In a replicated database, a data item may have copies residing on several sites. A replica control protocol is necessary to ensure that data items with several copies behave as if they consist of a single copy, as far as users can tell. We describe a new replica control protocol that allows the accessing of data in spite of site failures and network partitioning. This protocol provides the database designer with a large degree of flexibility in deciding the degree of data availability, as well as the cost of accessing data.
--Authors’ Abstract
This abstract correctly and succinctly summarizes the paper, which consists of five sections. The introduction presents the problem well. Section 2 describes the formal model and the criteria for correct operation. Section 3 proposes the protocol that maintains all the replicated copies, while Section 4 is the formal proof. Section 5 then proposes some modifications to the protocol that could make it operate faster without losing correctness.
One major problem I had was yet another potential meaning for the word “partition.” In this paper, the partitioning is not of the data (objects 1–n are on machine 1 and objects n–m are on machine 2, or similar attribute partitioning), but rather a network fracturing that leaves some machines unable to communicate with other machines. While the English use of the term is correct, I thought that among database practitioners we had finally begun to have a common use of the term. Clearly not, unfortunately. Since the paper is well reviewed, this is not a problem with the authors and may be only a problem of my expectations.
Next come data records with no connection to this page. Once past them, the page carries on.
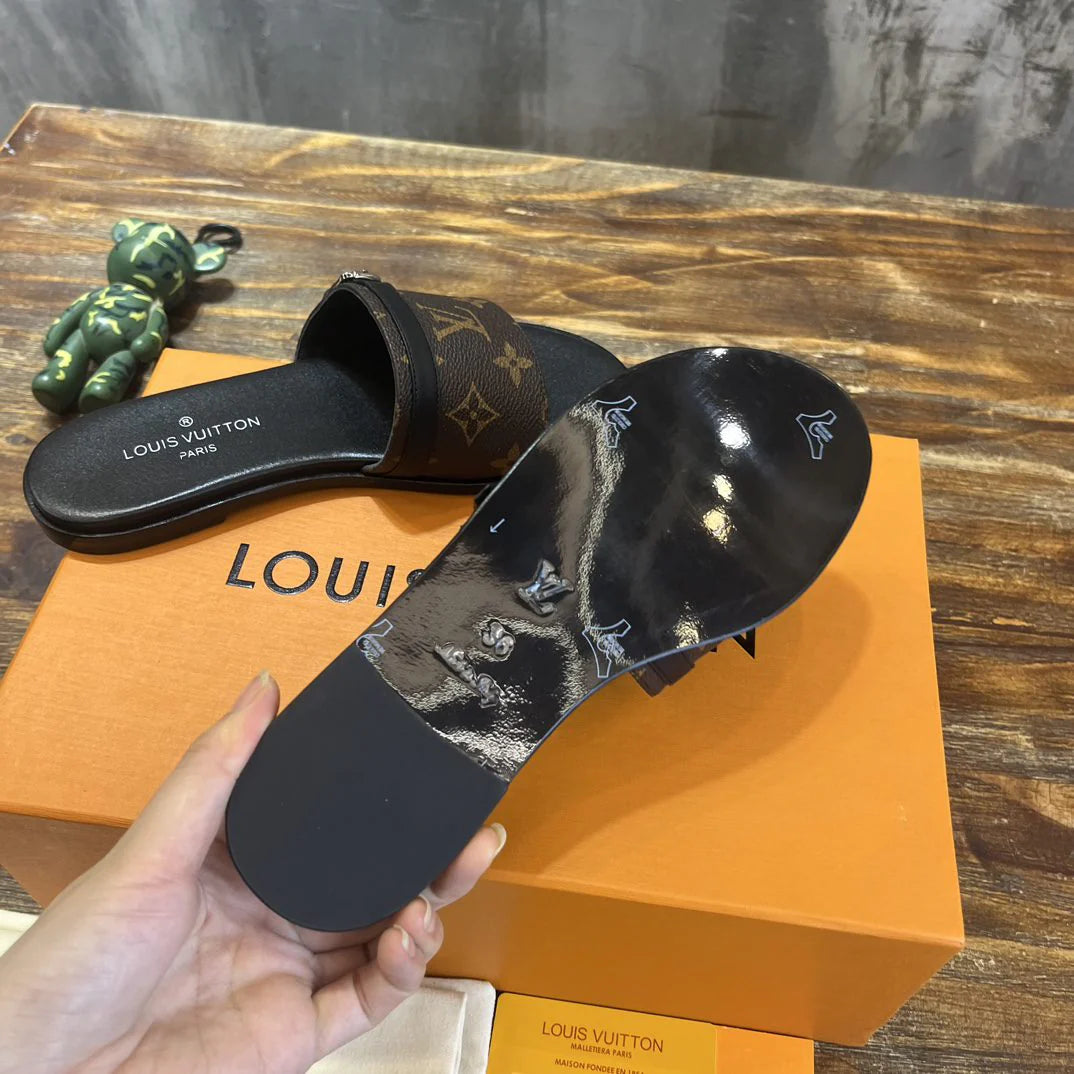 LV SANDAL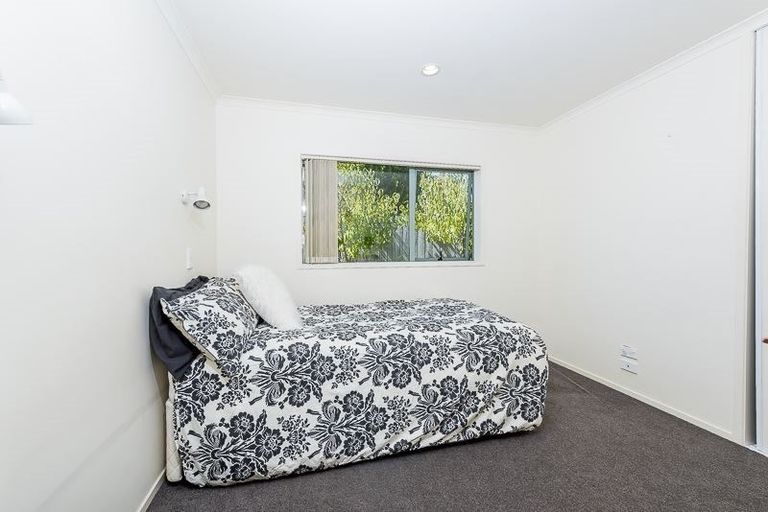 Photo of property in 2a Renata Crescent, Te Atatu Peninsula, Auckland, 0610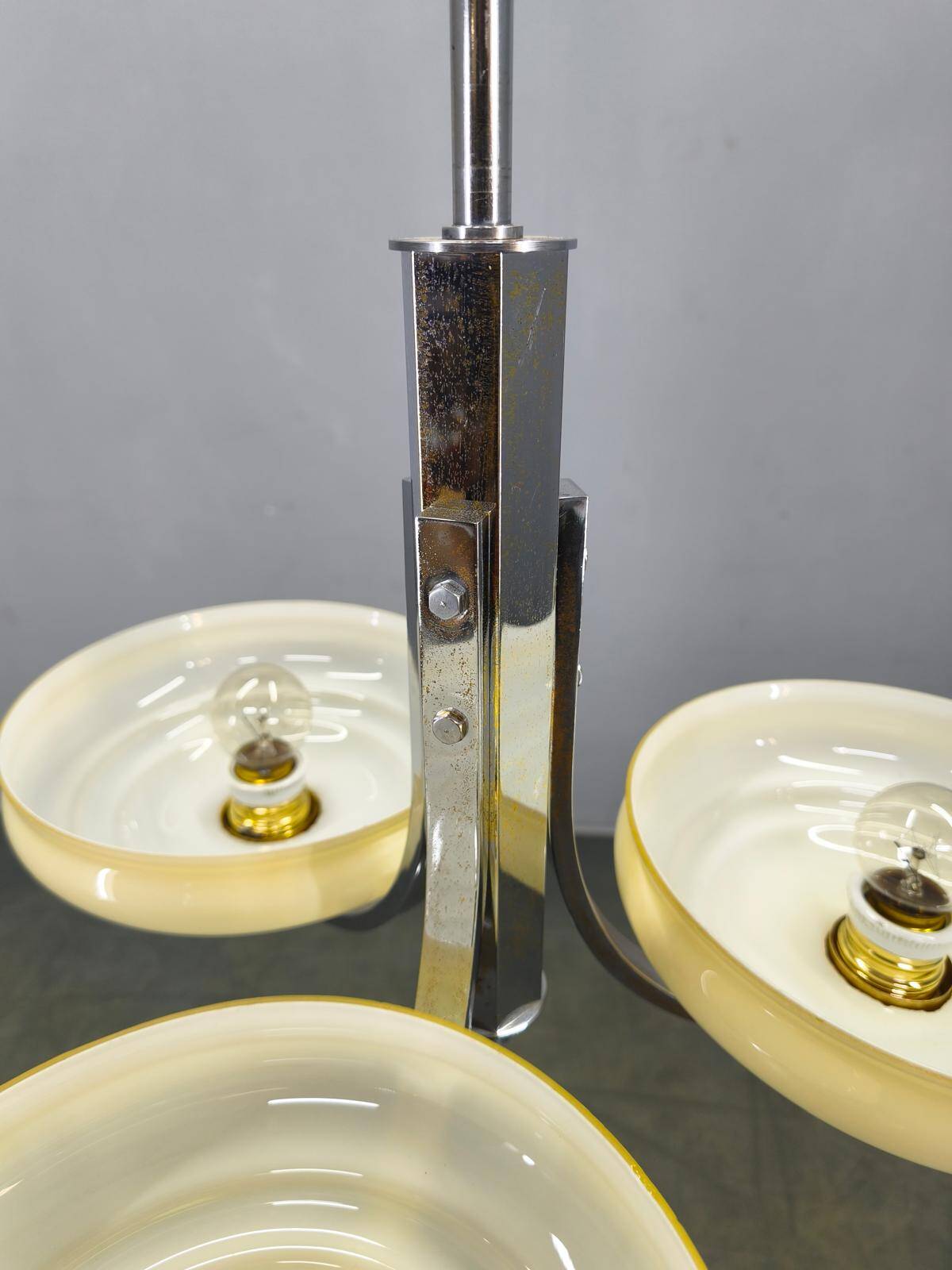 Chandelier Art Déco avec abat-jours en verre champagne, Tchécoslovaquie années 1930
The paper is well written with a good interspersing of examples with formal proofs. It is not light reading, and only those with a special interest in distributed replicated databases are likely to want to read it. However, the topic is timely and very important as “distribution” becomes real. I would like to see experimentation to determine whether the theory really works and if it can be made to run with any acceptable performance. At least, a reading of this version seems to imply that it would work, and adequate-speed communication links would keep the performance certainly no worse than if there were a single copy of the data physically located elsewhere than on your local computer.